*** Data section ***

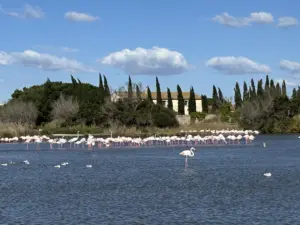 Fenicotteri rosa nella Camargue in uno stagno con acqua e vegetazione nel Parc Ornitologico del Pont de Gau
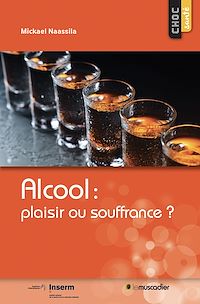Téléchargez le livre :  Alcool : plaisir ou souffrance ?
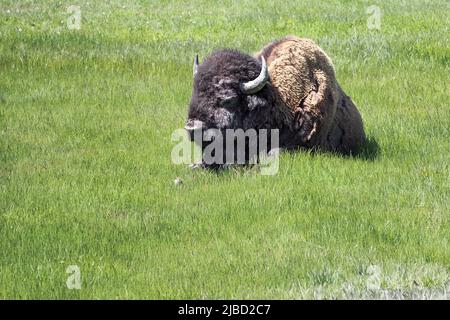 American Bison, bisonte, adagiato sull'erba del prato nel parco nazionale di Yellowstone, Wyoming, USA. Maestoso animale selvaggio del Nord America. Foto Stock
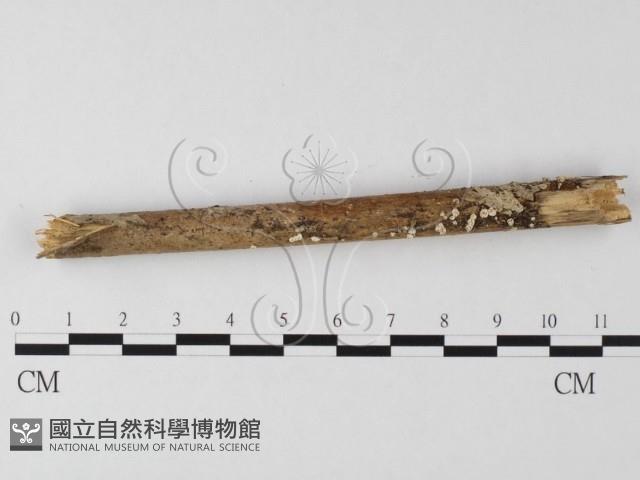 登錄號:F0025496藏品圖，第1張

*** End of Data section ***

> **Exercise description**
Reproduce the lines above exactly, image-free.

> **Result**
 Fenicotteri rosa nella Camargue in uno stagno con acqua e vegetazione nel Parc Ornitologico del Pont de Gau
Téléchargez le livre :  Alcool : plaisir ou souffrance ?
 American Bison, bisonte, adagiato sull'erba del prato nel parco nazionale di Yellowstone, Wyoming, USA. Maestoso animale selvaggio del Nord America. Foto Stock
 登錄號:F0025496藏品圖，第1張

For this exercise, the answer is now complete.